STUDENT OF THE YEAR NIKOLA KOLTIN: “SWIMMING HAS TOUGHT ME TO PERSEVERE” | IT Subotica 2030 | #SuboticaHasIT Skip to main content

STUDENT OF THE YEAR NIKOLA KOLTIN: “SWIMMING HAS TOUGHT ME TO PERSEVERE”

Nikola Koltin

Nikola Koltin is the 1st in class student at the "Bosa Milicevic" High School of Economics, where he studied for Economics Technician. He is also a member of the "Spartak" swimming club. Achieving a balance between studying and training, so that neither school nor swimming suffer, is the secret to his success, which he has achieved for the second time in his education.

 

"I enrolled in the High School of Economics because I am a sportsman and wanted to be able to balance school and sports at the same time. I was also a top student and the best pupil in elementary school, and honestly, I did not expect to be the 1st in class in high school as well. But I started learning and working hard from the first day, continued with my work habits, and succeeded," says Nikola.

Ten years ago, Nikola started swimming for health reasons, and today he says it is an integral part of his life and that he cannot imagine not being able to swim. Although it can be tough, especially when preparing for competitions, with up to ten pool and four gym workouts per week, all the hardships disappear the moment he jumps into the pool and remains alone with the stopwatch.

"Swimming has taught me to persevere through difficult periods because in this sport, there are periods when I do not improve my times for a year or two, but I still have to keep training, and it is not easy to get up at six or seven in the morning and go train. Then I wonder why I'm doing this and whether it makes sense, but somehow I find the strength to endure it, and in the end, every effort is rewarded with good results," Nikola explains.
 

Nikola Kotlin

There are so many good results that it is impossible to list them all. At the age of 14, he was declared the best swimmer in Serbia in his category and held two national records. In the first year of high school, he won third place in the republic competition, while in the third and fourth year he was first, and he stopped counting medals, he says.

"I don't really count medals, because they are not what is most important to me. One day, it will probably be nice to look at them and see everything I've accomplished, but that is not the most important thing to me. In every competition, I race against time and always want to improve and be better than I was," emphasizes Nikola, whose disciplines are mixed and breaststroke at 50, 100, and 200 meters.

His success is evident by the fact that he has been competing for the Serbian national team since last year, and he will participate in the European and World Junior Championships with them this summer. Nikola cannot compare this success to any other.

"Swimming is such a sport where everyone is on their own, but when we go to a competition, we all wear the same jerseys, and when someone swims the whole team is there to support him. That's a big deal, and I can't describe how it feels when I look at the stands and see my teammates from the national team cheering for me," says Nikola.

Nikola Koltin is one of the 12 students of the year awarded by the organization "IT Subotica 2030" as part of the "Students of the Year" project.

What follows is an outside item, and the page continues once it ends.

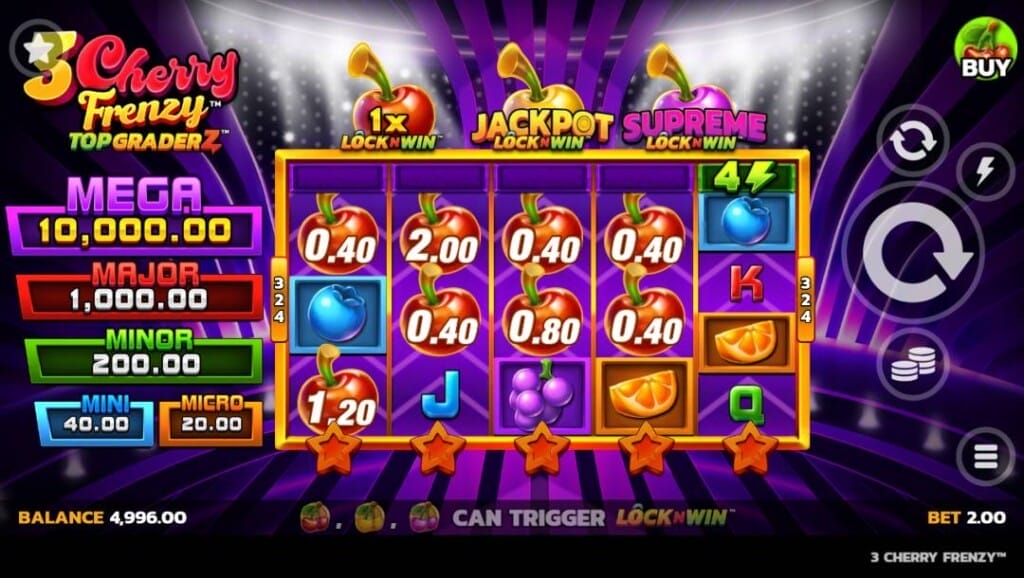 A screenshot of 3 Cherry Frenzy slot reels with fruit symbols, jackpot tiers, and LockNWin feature, with the game interface on the right.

He is ambitious and will try to enroll in one of the colleges in the United States through swimming, but since that will happen next year due to aligning his results with swimmers of his age, he will use the time he has to take a course in information technology.

"There are a lot of good colleges in America, but I would like one that is strong in both swimming and academics because I don't want to completely give up my sport, and on the other hand, I probably won't be able to earn a living solely from swimming, so I need a strong diploma. I hope that in 2030, I will still be swimming at a high level, that I will have a diploma from a serious college in the United States, and that I will working in a job that I love. Since I want to study something related to computers and IT, I hope I can work for a foreign company from anywhere in the world, or I can work for a foreign company here in Subotica and still train swimming," Nikola says.